Great player who I felt should have been amongst the top five picks. Really disappointed at his draft comments though. He said picking Trubisky over him would be a slap in his face. Just be thankful you were selected and prove them wrong on the field.


----------



## SpotandStalk (Apr 30, 2017)

He seems to be full of himself


----------



## FootLongDawg (Apr 30, 2017)

Jody Hawk said:


> Great player who I felt should have been amongst the top five picks. Really disappointed at his draft comments though. He said picking Trubisky over him would be a slap in his face. Just be thankful you were selected and prove them wrong on the field.[/QUOT
> 
> Absolutely...He needs to remember for every Zack Prescott, there is a RG3


----------



## Browning Slayer (May 1, 2017)

He won't amount to anything on an NFL field..


----------



## riprap (May 1, 2017)

Browning Slayer said:


> He won't amount to anything on an NFL field..



Yep.


----------



## westcobbdog (May 1, 2017)

Watson was not the 1st qb pick because he is not a prototypical NFL qb in size nor arm strength but he has all the intangibles and I think he will do well if the Texans can block for him. I know he grew up poor and later lived in a home Warrick Dunn built, so he is one motivated cat, no pun intended.


----------



## GAGE (May 1, 2017)

Stupid comment, but I wish him well!


----------



## across the river (May 1, 2017)

The problem is that in the professional ranks, any weakness you have will eventually be exploited.  How many young baseball players get called up and light it up the first year, but fall of the face of the earth when they find out he can't hit a certain pitch or a fastball low and away.  RG3 and Colin Kapernick started off on a tear the first year or two, but once the competition figured out how to defend them their career was over.   Deshaun Watson has great intangibles, had a great college career, won a national championship, and so on and so on.  He can pick you apart with short throws, screens, and all of the other quick, rhythm type passes the system calls for, but he hasn't demonstrated the ability to consistent make the accurate long and intermediate throws he will have to make in the pros.   He isn't a plug and play quarterback, and he will have to have an offense tailored to him to to be successful.  I wish him well, but I don't think he will have some great NFL carrier.   I do hope I am wrong.


----------



## Showtime (May 2, 2017)

RG3 was a far greater victim of a team with no offensive line talent. They asked him to carry the load but a QB cannot survive in the NFL without protection. He has spent more of his career on the DL than anywhere else.


----------



## tjl1388 (May 2, 2017)

Below avg. arm strength, below average accuracy, the worst Wonderlic score of all of the 12 QB's scored and apparently horrible in the interviews as well. 

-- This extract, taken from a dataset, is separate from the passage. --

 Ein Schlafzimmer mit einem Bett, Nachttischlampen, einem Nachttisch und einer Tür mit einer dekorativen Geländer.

Kid has charisma and heart, I'll give him that but he's got a lot of learning and growing up to do to be an NFL quarterback.


----------



## Showtime (May 2, 2017)

tjl1388 said:


> the worst Wonderlic score of all of the 12 QB's scored



Speaking of, I fully expected Dobbs to score 30+.


----------



## Browning Slayer (May 2, 2017)

Boy done went out and bought his momma a new car..

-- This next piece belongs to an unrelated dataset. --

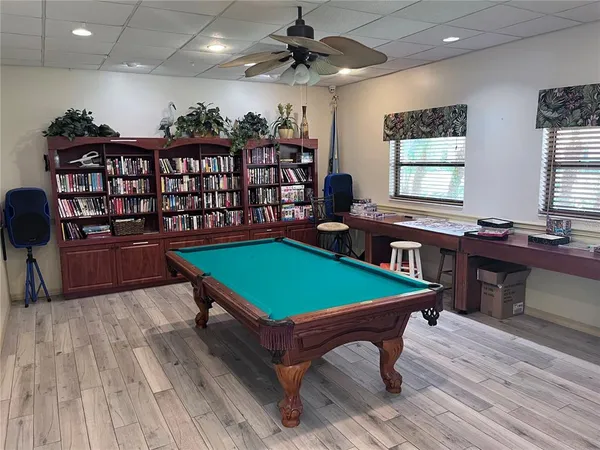 a room with wooden floor pool table and windows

Has his check even cleared yet?

http://www.cbssports.com/nfl/news/l...tes-being-drafted-by-buying-his-mom-a-jaguar/


----------



## tjl1388 (May 2, 2017)

Showtime said:


> Speaking of, I fully expected Dobbs to score 30+.



Highest score this year was UM's Brad Kayaa.


What a thug....


----------



## Browning Slayer (May 2, 2017)

tjl1388 said:


> Highest score this year was UM's Brad Kayaa.
> 
> 
> What a thug....



Glad he has a mentor in Richt..


----------



## westcobbdog (May 2, 2017)

His momma's jag prolly broke down driving it off the lot plus the value dropped 25k immediately. Bet he's covering her inshoance, too.


----------



## red neck richie (May 2, 2017)

FootLongDawg said:


> Jody Hawk said:
> 
> 
> > Great player who I felt should have been amongst the top five picks. Really disappointed at his draft comments though. He said picking Trubisky over him would be a slap in his face. Just be thankful you were selected and prove them wrong on the field.[/QUOT
> ...


----------



## across the river (May 2, 2017)

Showtime said:


> RG3 was a far greater victim of a team with no offensive line talent. They asked him to carry the load but a QB cannot survive in the NFL without protection. He has spent more of his career on the DL than anywhere else.

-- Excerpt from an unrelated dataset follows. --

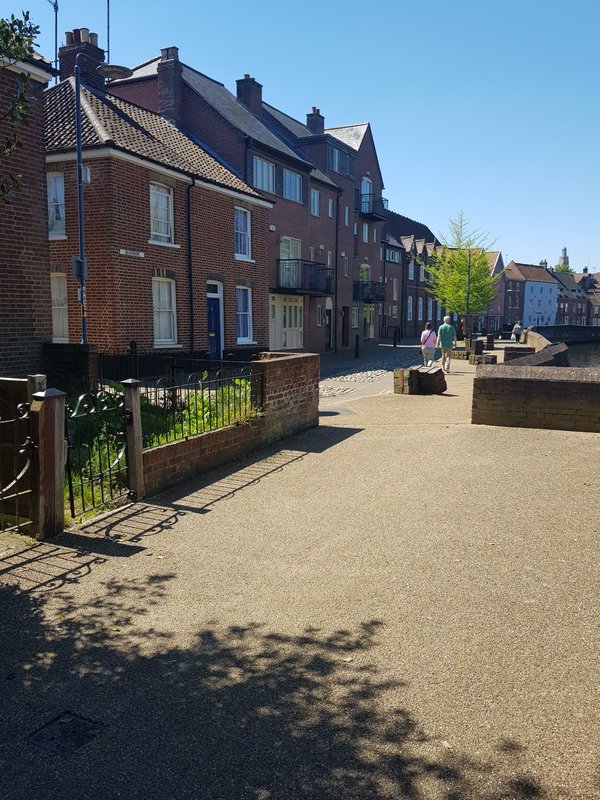 Red brick terraced houses with shared courtyard, iron railings and paved ground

RG3 had his best year statistically he very first year and his line was terrible then.  I think he had almost 1000 yards rushing and his best year passing statistically.  Why, because there was no film and none of the NFL defensive coordinators were prepared for a glorified read option in the pros.  Linebackers and safeties were out of position scared of him running and they were exploited.  Colin K. had similar success.  One they get film on you and figure out what to "attack" it gets a lot tougher.  Like the baseball rookie who tears it up his first year until they figure out what pitch he can't hit, and he fall off year two.  The next year RG3 rushed for half of what he did his rookie year and his qb rating dropped a ton.  They had figured him out and it showed.  The redskins keep trying to run him and he got beat to oblivion, but he could have had a great line and they still had his number.   Peyton, Stafford, and plenty of others qbs drafted early had terrible lines when they first got drafted, but have endured for many years regardless.


----------



## ClemsonRangers (May 2, 2017)

tjl1388 said:


> Below avg. arm strength, below average accuracy, the worst Wonderlic score of all of the 12 QB's scored and apparently horrible in the interviews as well.
> 
> Kid has charisma and heart, I'll give him that but he's got a lot of learning and growing up to do to be an NFL quarterback.



wow, low opinion on the guy who beat miami 58-0


----------



## bullgator (May 2, 2017)

westcobbdog said:


> His momma's jag prolly broke down driving it off the lot plus the value dropped 25k immediately. Bet he's covering her inshoance, too.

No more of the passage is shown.